*** Block opens ***

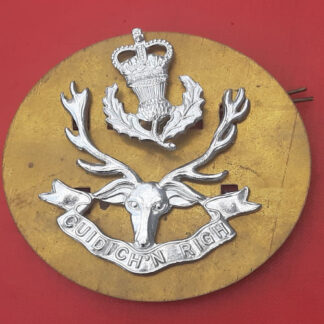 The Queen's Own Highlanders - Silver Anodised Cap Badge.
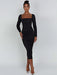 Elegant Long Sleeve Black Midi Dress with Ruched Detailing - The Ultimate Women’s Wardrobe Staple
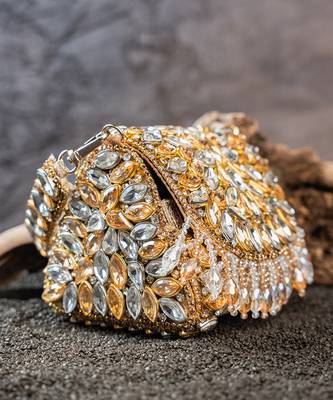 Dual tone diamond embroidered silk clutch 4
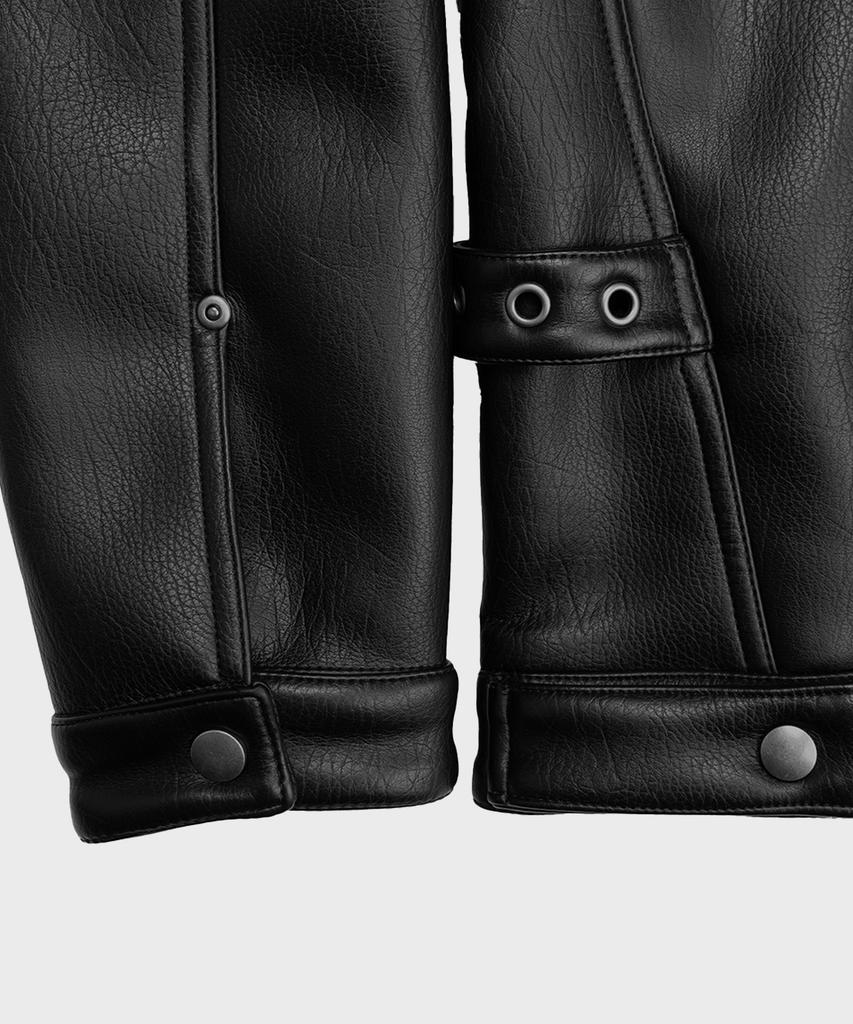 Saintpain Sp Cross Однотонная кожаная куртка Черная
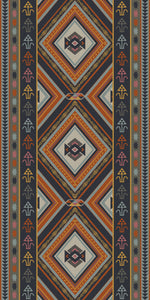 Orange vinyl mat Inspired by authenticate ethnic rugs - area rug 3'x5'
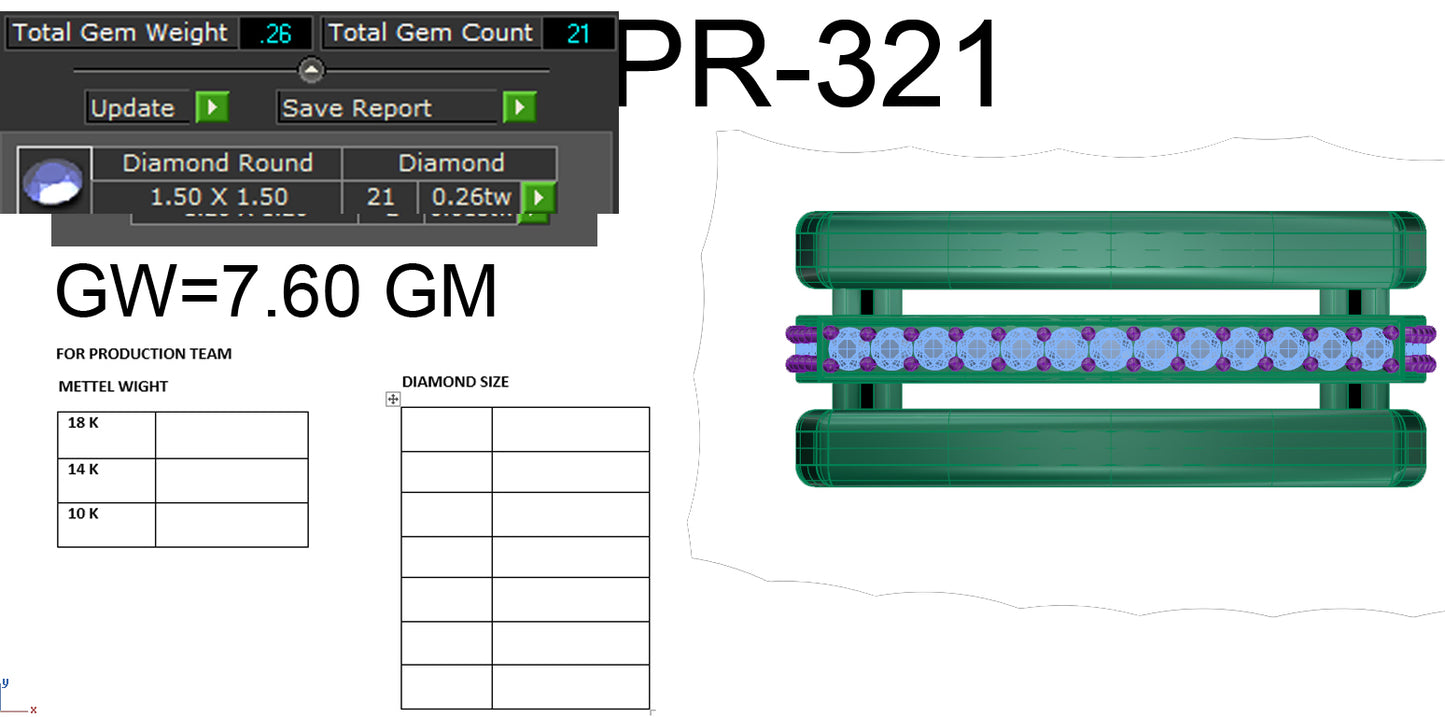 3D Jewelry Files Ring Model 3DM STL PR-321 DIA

*** Block closes ***
*** Block opens ***

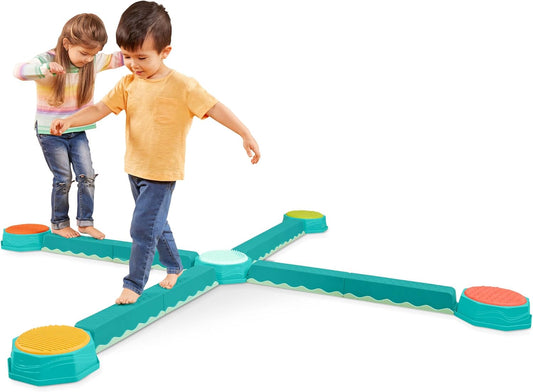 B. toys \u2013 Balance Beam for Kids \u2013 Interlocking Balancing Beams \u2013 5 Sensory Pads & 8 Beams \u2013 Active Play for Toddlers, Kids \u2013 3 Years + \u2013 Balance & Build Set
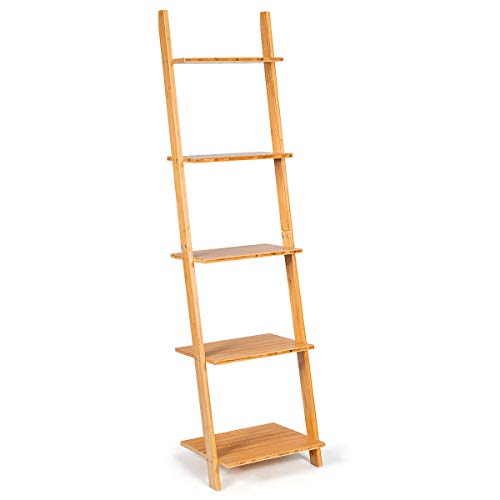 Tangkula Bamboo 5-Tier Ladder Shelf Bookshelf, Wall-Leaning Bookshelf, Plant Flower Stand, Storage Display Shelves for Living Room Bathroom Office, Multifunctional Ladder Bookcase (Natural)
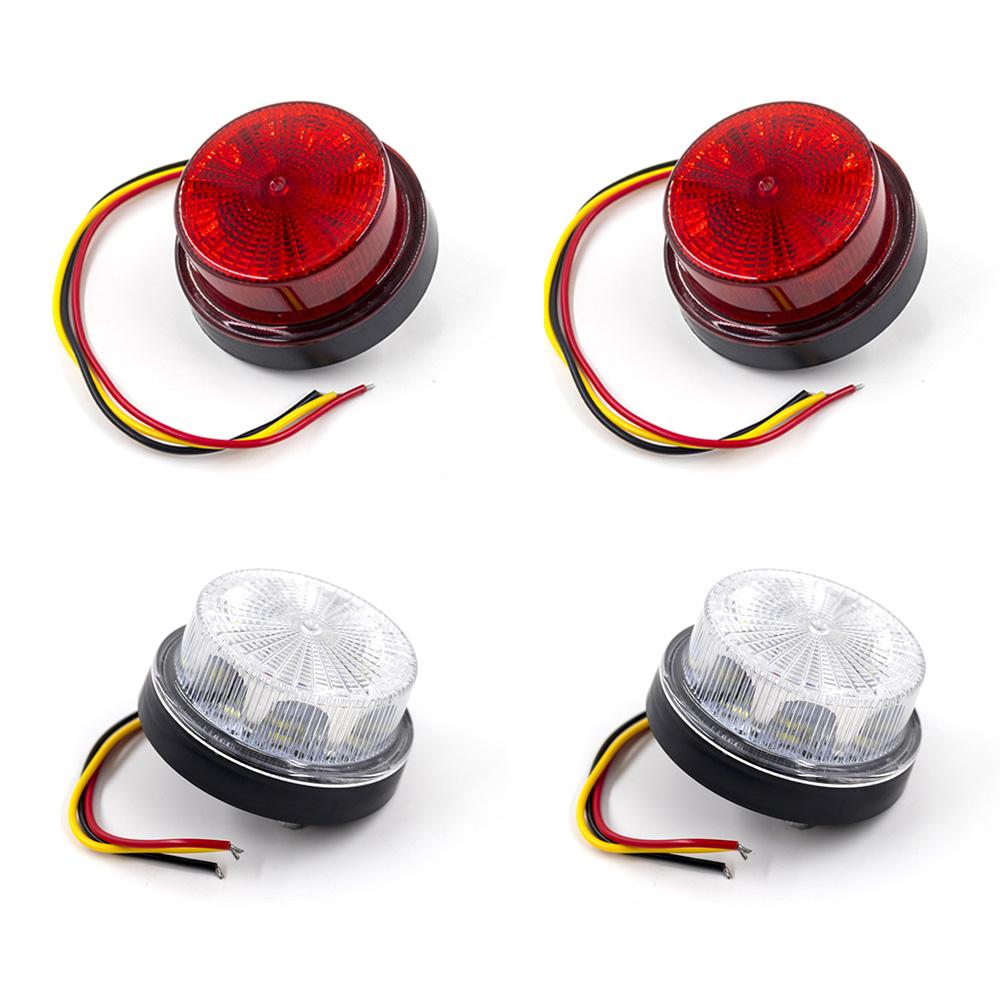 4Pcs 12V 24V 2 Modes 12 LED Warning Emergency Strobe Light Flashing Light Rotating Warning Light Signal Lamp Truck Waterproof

*** Block closes ***

» Exercise: Using the data above, retype exactly and only the lines from the one containing "Saintpain Sp Cross" up to and including the one containing "3D Jewelry Files", with no pictures carried over.

» Expected output:
 Saintpain Sp Cross Однотонная кожаная куртка Черная
 Orange vinyl mat Inspired by authenticate ethnic rugs - area rug 3'x5'
 3D Jewelry Files Ring Model 3DM STL PR-321 DIA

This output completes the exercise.